Jean-Pierre Lambert, analista sênior de bancos da consultoria Keefe, Bruyette & Woods, disse ao "Times" que se a situação na Itália se agravar, alguns bancos franceses precisarão de ajuda do Estado.

Por isso, o temor sobre a crise da dívida europeia continuou a pesar nos mercados. A Bolsa de Londres recuou 0,47%, enquanto Paris e Frankfurt tiveram quedas de 1,28% e 1,19%, respectivamente. O banco italiano UniCredit caiu 6,2% após divulgar prejuízo trimestral. Os espanhóis BBVA e Santander recuaram 3,2% e 2,7%, respectivamente, acompanhando a piora dos títulos do país, cujo retorno passou de 6% ontem.

Wall Street também refletiu o temor de que as mudanças políticas de Grécia e Itália não consigam resolver a crise da dívida na Europa a curto prazo. O índice Dow Jones, da Bolsa de Nova York, recuou 0,61%. Nasdaq e S&P caíram 0,80% e 0,96%, respectivamente. O euro recuou 0,3% frente ao dólar, para US$1,3702.

Já Bolsa de Valores de São Paulo (Bovespa) recuou 0,49%, aos 58.258 pontos pelo Ibovespa, seu índice de referência. Foi a quarta queda em cinco pregões. O tom do mercado foi de cautela, e o dólar comercial avançou 1,37%, cotado a R$1,768.
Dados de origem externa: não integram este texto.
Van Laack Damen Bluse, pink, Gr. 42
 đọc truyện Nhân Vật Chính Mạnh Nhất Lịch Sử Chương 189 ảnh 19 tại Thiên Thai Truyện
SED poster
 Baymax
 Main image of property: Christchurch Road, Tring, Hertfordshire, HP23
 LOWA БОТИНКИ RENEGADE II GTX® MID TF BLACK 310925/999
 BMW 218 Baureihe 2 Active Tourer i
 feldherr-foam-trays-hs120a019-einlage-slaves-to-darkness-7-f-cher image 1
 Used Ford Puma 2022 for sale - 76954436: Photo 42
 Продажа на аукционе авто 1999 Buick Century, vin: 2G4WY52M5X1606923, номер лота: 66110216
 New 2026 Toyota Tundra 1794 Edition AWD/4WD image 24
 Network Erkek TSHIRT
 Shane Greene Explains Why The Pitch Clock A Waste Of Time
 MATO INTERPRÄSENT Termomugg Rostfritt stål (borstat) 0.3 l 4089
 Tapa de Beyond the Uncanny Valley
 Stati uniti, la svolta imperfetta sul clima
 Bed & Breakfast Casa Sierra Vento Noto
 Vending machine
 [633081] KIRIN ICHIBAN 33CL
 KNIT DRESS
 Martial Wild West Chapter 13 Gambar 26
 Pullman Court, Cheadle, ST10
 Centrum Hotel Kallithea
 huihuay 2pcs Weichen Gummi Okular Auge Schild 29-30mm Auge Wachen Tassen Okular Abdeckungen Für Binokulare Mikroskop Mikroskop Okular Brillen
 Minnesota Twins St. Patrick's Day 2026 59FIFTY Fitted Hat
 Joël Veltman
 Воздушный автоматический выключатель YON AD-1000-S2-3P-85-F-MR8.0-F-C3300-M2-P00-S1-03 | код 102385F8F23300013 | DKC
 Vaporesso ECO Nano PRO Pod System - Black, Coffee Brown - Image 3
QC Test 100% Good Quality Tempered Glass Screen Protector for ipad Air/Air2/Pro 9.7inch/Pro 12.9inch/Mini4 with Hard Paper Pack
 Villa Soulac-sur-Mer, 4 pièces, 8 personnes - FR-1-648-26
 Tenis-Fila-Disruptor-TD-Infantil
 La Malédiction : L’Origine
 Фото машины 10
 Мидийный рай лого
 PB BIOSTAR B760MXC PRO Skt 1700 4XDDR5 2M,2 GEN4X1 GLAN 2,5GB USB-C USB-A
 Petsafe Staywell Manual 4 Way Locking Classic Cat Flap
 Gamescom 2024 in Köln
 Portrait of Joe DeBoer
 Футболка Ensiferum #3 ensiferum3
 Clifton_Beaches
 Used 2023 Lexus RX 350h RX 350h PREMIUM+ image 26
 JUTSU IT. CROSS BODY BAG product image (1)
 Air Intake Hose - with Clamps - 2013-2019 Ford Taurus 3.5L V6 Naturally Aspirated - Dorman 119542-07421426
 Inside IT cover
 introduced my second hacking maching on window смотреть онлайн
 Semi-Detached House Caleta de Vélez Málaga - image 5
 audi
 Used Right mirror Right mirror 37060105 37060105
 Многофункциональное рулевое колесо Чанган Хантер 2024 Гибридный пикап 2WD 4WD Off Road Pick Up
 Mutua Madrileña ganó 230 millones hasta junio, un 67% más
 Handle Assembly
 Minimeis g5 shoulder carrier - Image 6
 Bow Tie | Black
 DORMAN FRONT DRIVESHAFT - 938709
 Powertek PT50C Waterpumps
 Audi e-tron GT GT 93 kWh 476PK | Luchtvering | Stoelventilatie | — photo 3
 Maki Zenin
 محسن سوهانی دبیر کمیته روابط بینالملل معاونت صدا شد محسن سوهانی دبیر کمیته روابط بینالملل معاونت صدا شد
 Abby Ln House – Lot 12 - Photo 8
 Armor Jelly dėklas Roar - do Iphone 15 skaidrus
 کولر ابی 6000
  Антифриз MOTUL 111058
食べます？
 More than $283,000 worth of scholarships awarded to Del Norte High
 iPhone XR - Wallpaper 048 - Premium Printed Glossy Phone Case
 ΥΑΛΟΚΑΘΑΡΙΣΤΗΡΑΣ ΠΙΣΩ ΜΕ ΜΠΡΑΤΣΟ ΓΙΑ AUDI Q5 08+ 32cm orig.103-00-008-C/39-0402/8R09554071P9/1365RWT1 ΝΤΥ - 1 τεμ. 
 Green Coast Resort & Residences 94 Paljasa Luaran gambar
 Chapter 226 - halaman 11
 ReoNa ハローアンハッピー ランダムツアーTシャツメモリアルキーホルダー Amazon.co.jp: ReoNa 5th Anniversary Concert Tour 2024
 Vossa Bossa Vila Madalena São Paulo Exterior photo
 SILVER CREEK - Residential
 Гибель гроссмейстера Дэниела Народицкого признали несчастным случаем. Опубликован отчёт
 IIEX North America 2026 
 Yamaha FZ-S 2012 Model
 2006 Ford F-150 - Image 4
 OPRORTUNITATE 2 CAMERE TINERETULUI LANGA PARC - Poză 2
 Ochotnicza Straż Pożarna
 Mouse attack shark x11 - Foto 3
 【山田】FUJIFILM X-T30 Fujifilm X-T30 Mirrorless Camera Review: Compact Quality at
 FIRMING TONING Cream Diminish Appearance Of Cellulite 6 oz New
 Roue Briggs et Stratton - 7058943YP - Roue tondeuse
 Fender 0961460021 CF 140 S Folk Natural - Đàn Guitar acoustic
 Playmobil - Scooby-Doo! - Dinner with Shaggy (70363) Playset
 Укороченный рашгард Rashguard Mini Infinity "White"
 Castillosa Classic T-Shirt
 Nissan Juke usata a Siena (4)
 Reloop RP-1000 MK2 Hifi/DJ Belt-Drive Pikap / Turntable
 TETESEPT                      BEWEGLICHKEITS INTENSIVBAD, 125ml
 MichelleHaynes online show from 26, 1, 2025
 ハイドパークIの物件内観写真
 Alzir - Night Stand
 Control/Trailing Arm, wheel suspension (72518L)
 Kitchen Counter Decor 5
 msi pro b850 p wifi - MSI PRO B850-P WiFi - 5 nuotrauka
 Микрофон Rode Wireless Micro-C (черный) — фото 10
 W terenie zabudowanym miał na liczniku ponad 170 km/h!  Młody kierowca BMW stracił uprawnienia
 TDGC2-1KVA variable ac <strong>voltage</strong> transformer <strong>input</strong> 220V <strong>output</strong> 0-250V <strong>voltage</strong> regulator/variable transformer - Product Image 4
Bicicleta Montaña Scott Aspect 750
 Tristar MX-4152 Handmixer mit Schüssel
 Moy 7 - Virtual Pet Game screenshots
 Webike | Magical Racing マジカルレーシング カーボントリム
- Os investidores puxaram uma forte alta nas bolsas na sexta-feira, na expectativa da saída de Berlusconi. Foi uma alta exagerada e a rolagem da dívida italiana acendeu essa luz amarela, provocando a queda nas bolsas - explicou Gustavo Mendonça, da Oren Investimentos.

A perdas ontem no Ibovespa não foram maiores porque as ações de bancos subiram, refletindo o anúncio do Banco Central (BC), na última sexta-feira, de que vai flexibilizar o crédito a consumidores a curto prazo.

Europa terá década perdida, diz tcheco

Reforçando a preocupação com a saúde econômica da Europa, o órgão de estatísticas do bloco informou ontem que a produção industrial da zona do euro caiu 2% em setembro frente a agosto. Isso aumanta a expectativa de uma recessão na região. Analistas esperavam queda de 2,2%. A atividade na Alemanha e na França, as maiores economias do bloco, caiu, respectivamente, 2,9% e 1,9%.

Para o presidente tcheco, Vaclav Klaus, a Europa está em face de uma década perdida, como a que o Japão enfrentou nos anos 1990. Ele disse à revista tcheca "Tyden", em entrevista publicada ontem, que será "uma década sem crescimento econômico, de medidas de austeridade e cortes, uma década de conflitos sociais".

A crise também foi citada em nota a clientes da corretora francesa Oddo Securities. Segundo esta, "a zona do euro enfrenta um duplo choque, o da austeridade orçamentária e do enxugamento do crédito".